# Lake Erie Smallies



## WPM (Jun 9, 2006)

It never fails: If the three of us are having a tough day on Lake Erie, it'll be my buddy's fly rod that scores. 
Thursday at Ashtabula was no exception. Lots of muddy and stained water, conditions all over the place from sunburn/still to freezing wind. I'm pitching cranks and drop-shotting, my other buddy is throwing tubes and blades - both of us trying to present something the fish can find in all the murk. 
The pics show the fish and the quiet little Clouser the size of a matchstick that they both took in 14 - 17 FOW.
I really have to remember to order that Rio Deep 7.

WPM


----------



## fallen513 (Jan 5, 2010)

That's why I love fly fishing so much. You just can't replicate the real thing so well without fur & feathers!


----------



## tjc7t7 (Aug 16, 2009)

NICE FISH!! what kind of line and leader are you using to fish that depth of water?


----------



## WPM (Jun 9, 2006)

He was using a 7wt with Rio Deep 7, about 4" of stiff (.017) leader with 2" of O tippet.
He just kept it ticking the bottom as we were drifting along the outside of a nasty mudline.


----------



## Steelhead Fever (Dec 31, 2009)

awesome fish, I had a tough time on the fly with smallies this weekend, any tips?


----------



## steelheader007 (Apr 8, 2004)

Nice bronze tiger btw.. with that same setup go to any break wall along the shoreline of Lake Erie and you stand a great chance of hooking plenty of fish some like that some smaller and possibly bigger! I miss the sheephead on the fly! I also used 250 grain full sinking line!


----------



## WPM (Jun 9, 2006)

Like I said...
Tough trip to Marblehead, T-storms, mud everywhere, one nice SMB - guess who with guess what...

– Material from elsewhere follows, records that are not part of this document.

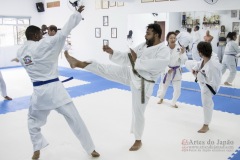 Curso Shiai Kumite e Reigi Saho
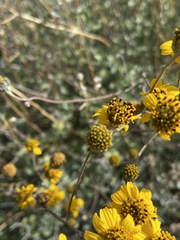 Bahiopsis microphylla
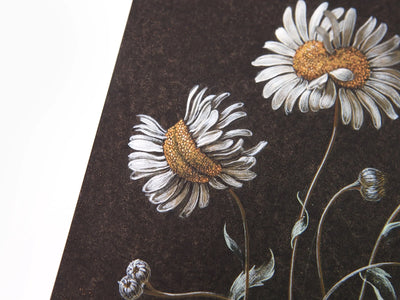 Laurent Grasso - Daisy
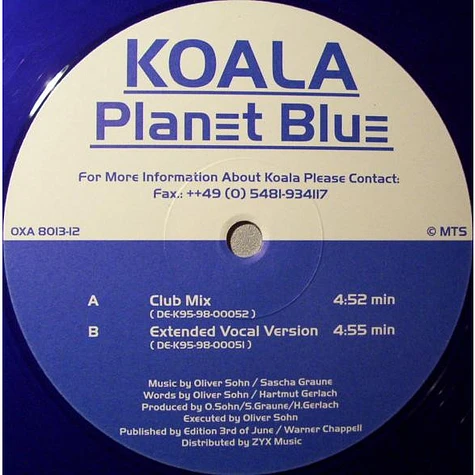 Koala - Planet Blue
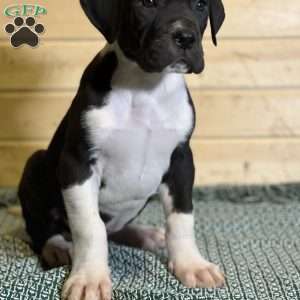 Jake, Great Dane Puppy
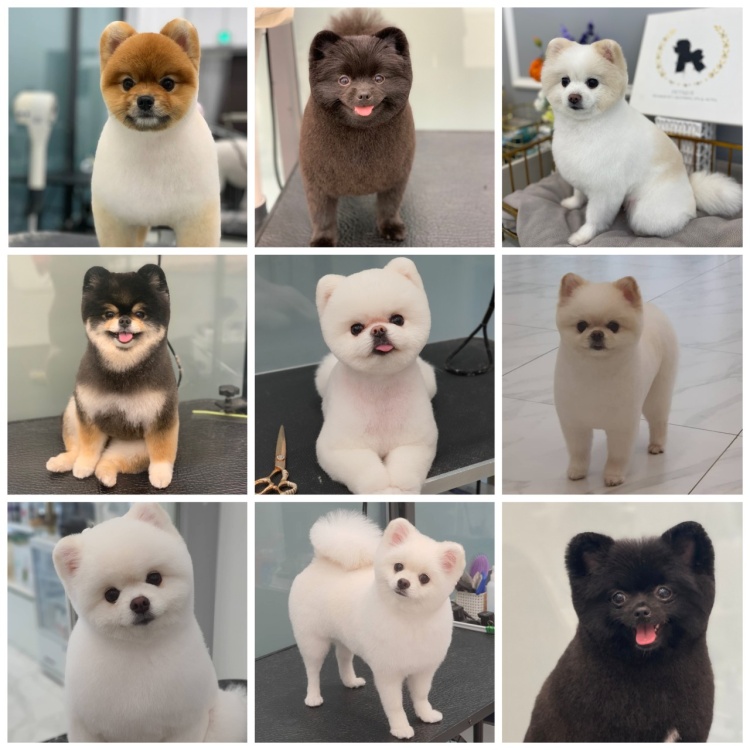 펫티끄 대표 이미지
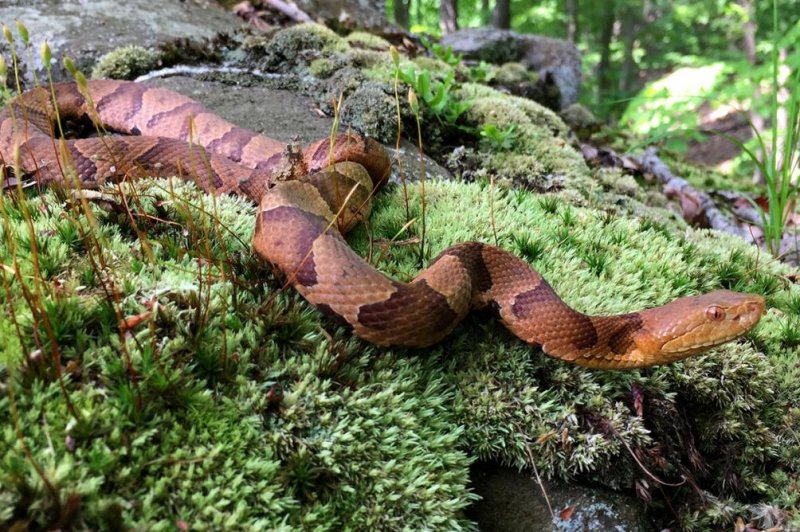 After a five-year drought in a forest plot near Meriden, Conn., resident female copperhead snakes stopped reproducing. Photo by Chuck Smith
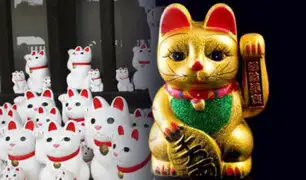 Maneki Neko: esta es la historia del llamado "Gato de la Suerte"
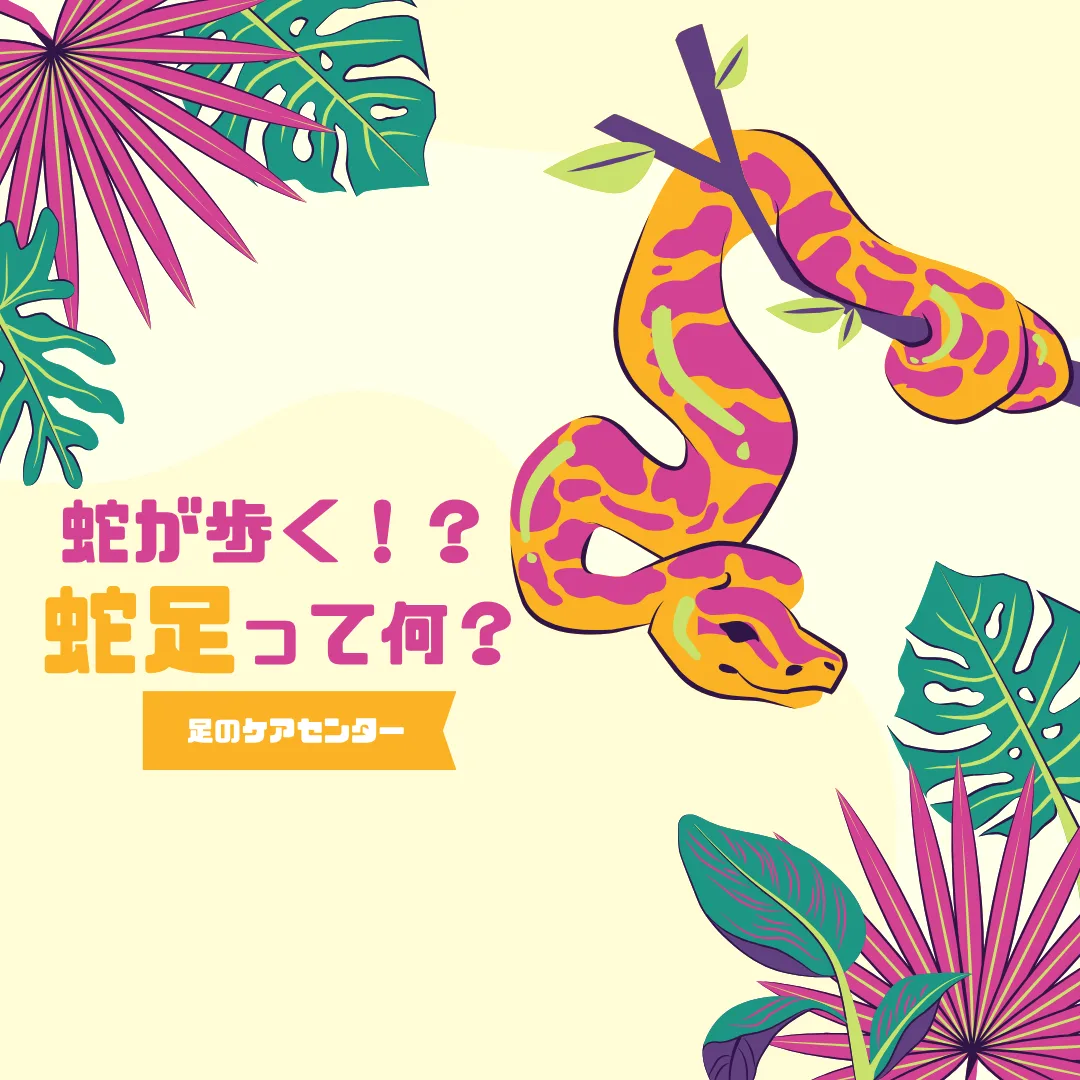 蛇が歩く！？蛇足（だそく）って何？？ 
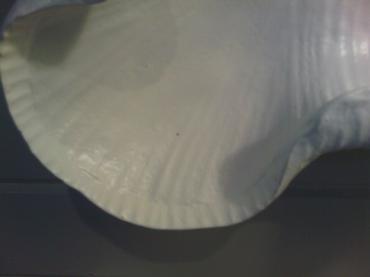 This is a close-up image of an antiqued white resin wave mirror with a beveled edge, showcasing its intricate texture and design.
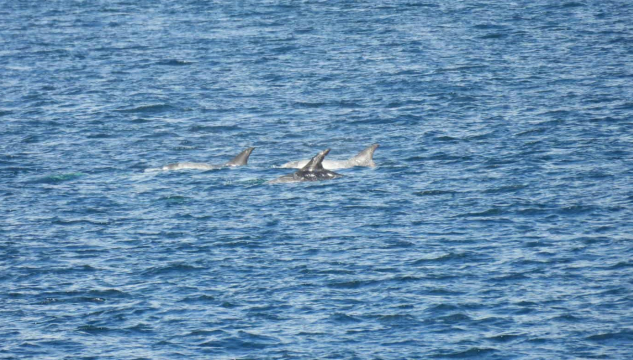 Hvessingur ella springari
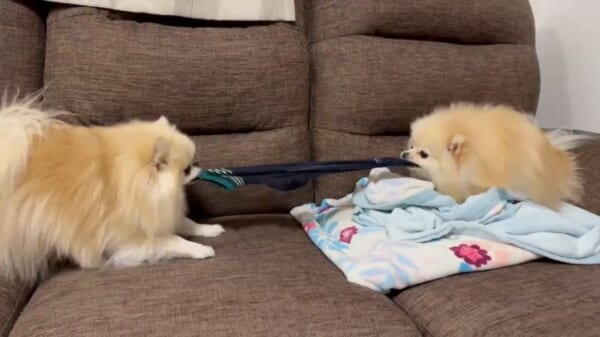 ポメラニアン姉妹が仲良くケンカ　飼い主の靴下を巡って綱引き合戦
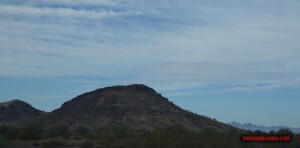 thekumachan_Phoenix_AZ-Temecula_CA-6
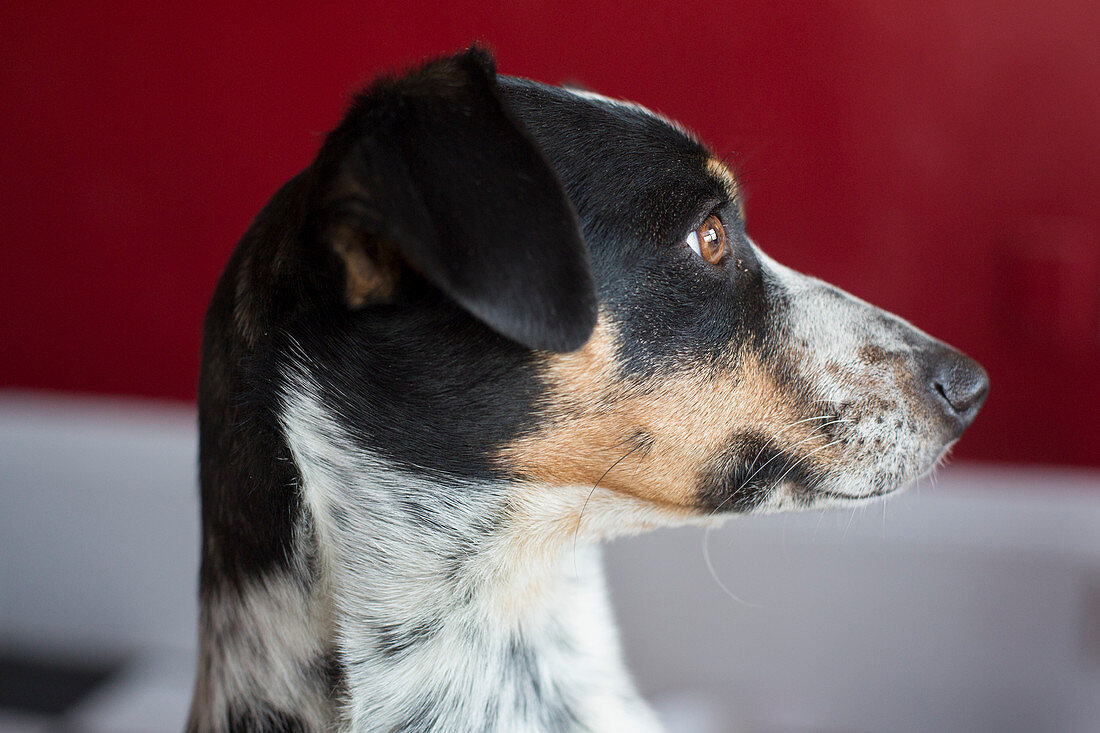Whippet-Jack Russell terrier cross-breed
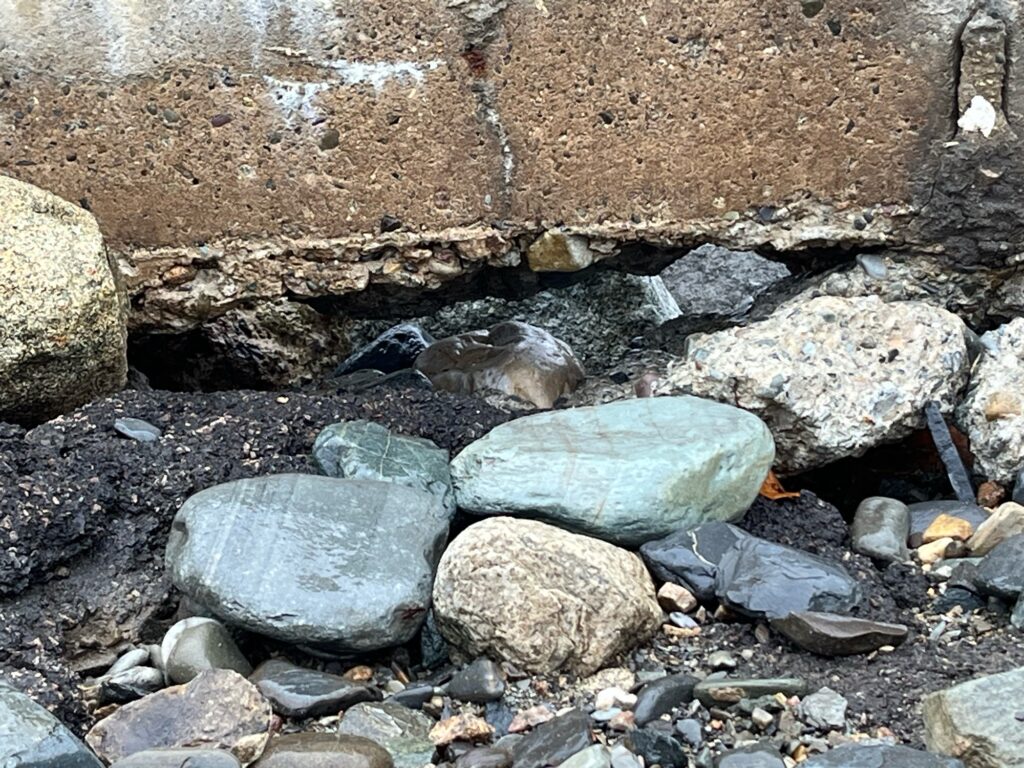a group of rocks and a pile of rocks (MyCoast AI)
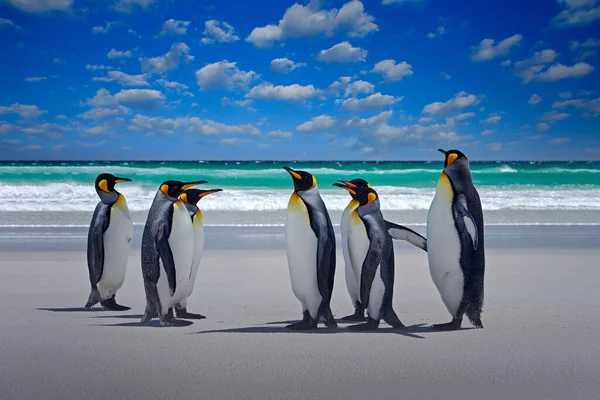 企鹅群 南极野生动物 一群国王企鹅带着波浪和蓝天从海上飞回海滩 南乔治亚 南极洲 大西洋蓝天和水鸟 — 图库照片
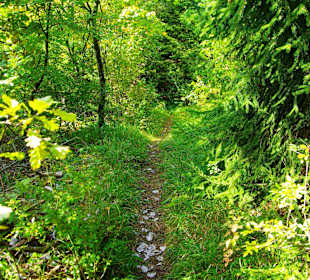 Das Affalterthal Sept. 2012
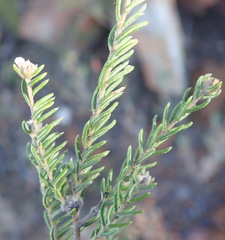 Phylica karroica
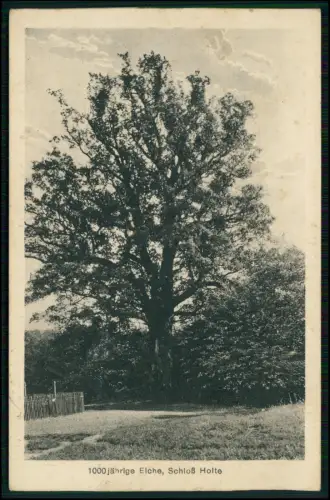 AK - 1000-jährige Eiche Schloß Holte-Stukenbrock nahe Jagdschlosses Holter Wald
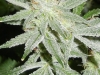 bud-marijuana-gallery-medical_marijuana_012a_original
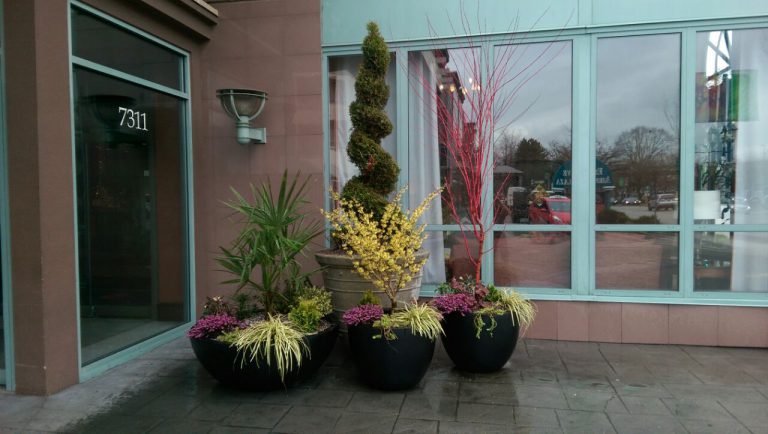 Large bowl planters featured in an Allscapes Landscape Design project.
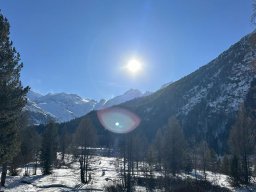 Pontresina - Camping Morteratsch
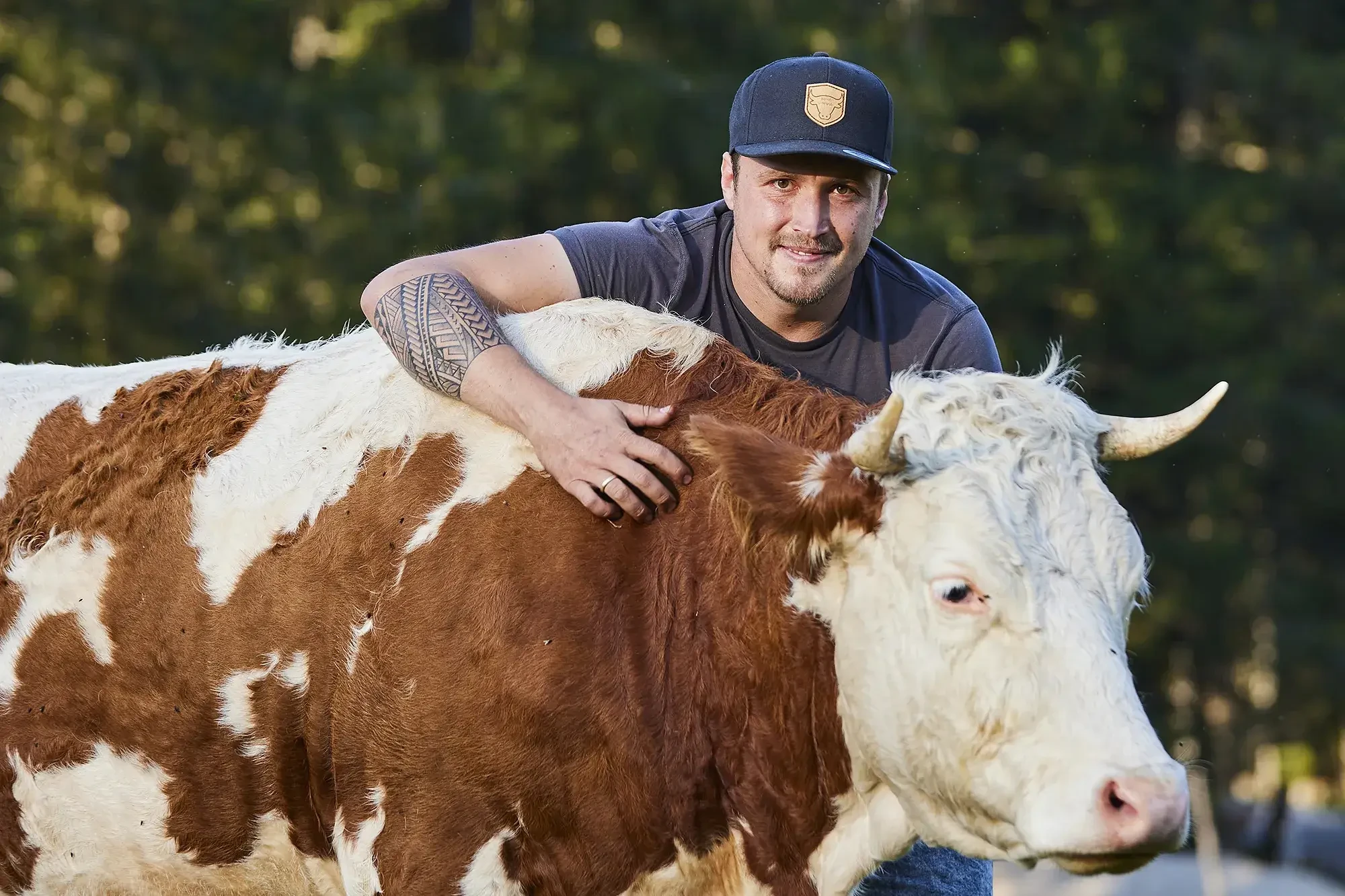 Georg Buchegger mit Kuh Untergrub: Hier ist für beste Rindfleischqualität gesorgt.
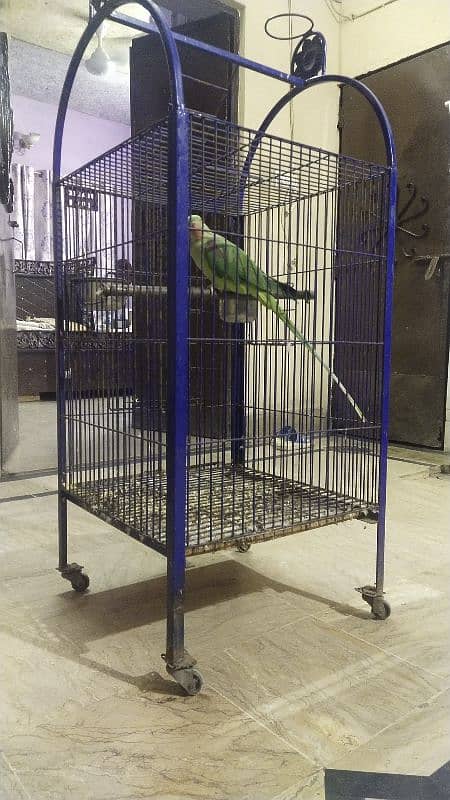 talkative Raw female adult with wheels cage 10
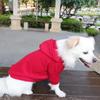 HuaLiSiJi Dog Hoodie for Small Dogs, Warm and Lightweight, Soft Texture, Black + Red, XL view 4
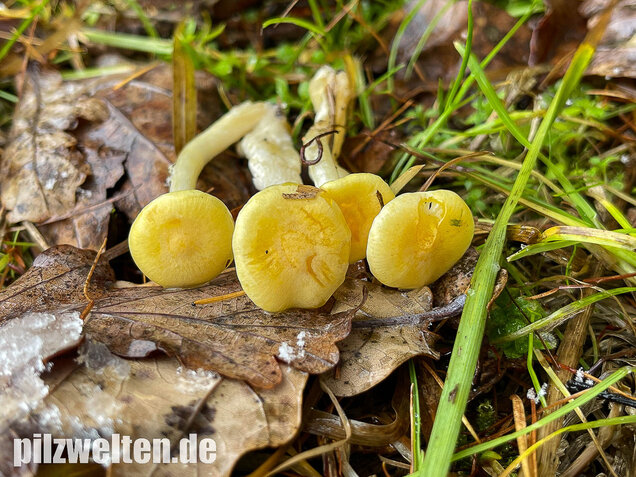 Gelber Lärchenschneckling, Hygrophorus lucorum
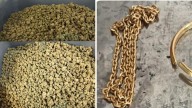 Customs seizes hydroponic weed worth Rs 10.5 crore, Rs 23.5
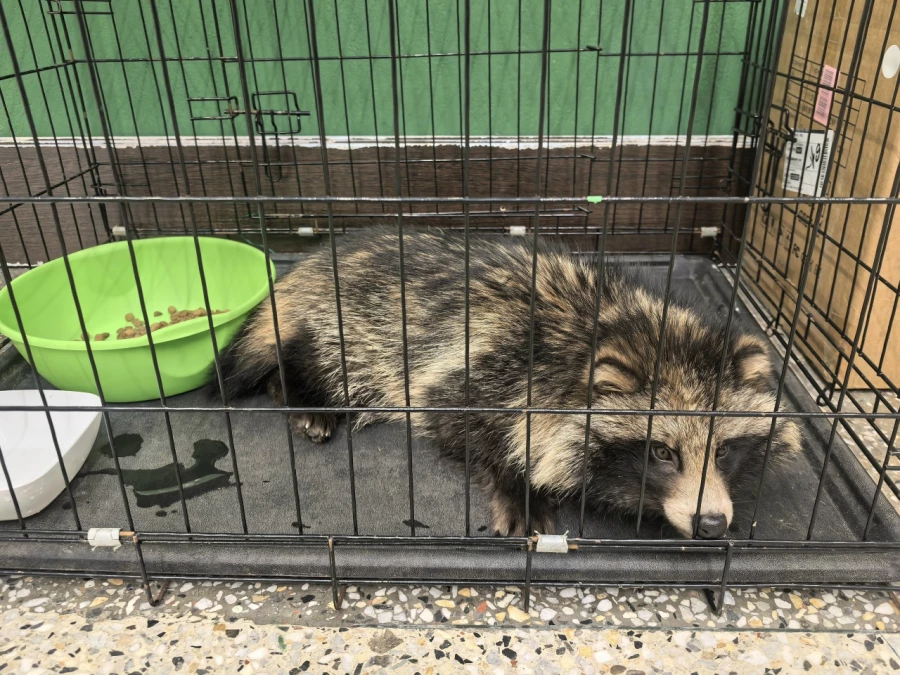 Енотовидная собака.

p.s. he also won the Sheephead derby.


----------



## FISNFOOL (May 12, 2009)

Great post and thanks for teh t ip.

For those that do not have the great Clouser pattern, Here are the instructions to tie it.

http://www.taneycomotrout.com/howtotieclouserminnow.html


----------



## fallen513 (Jan 5, 2010)

I personally feel the clouser minnow and variations of it are the best all around flies you can tie. They will catch all types of fish, anywhere in the world. 

Omit the lead eyes, tie the colors the other way (hook point swimming down) & you have a bucktail fly that doesn't sink as fast, but retains the killer properties of hair in the water. I've tied hundreds of both & they just flat out work.


----------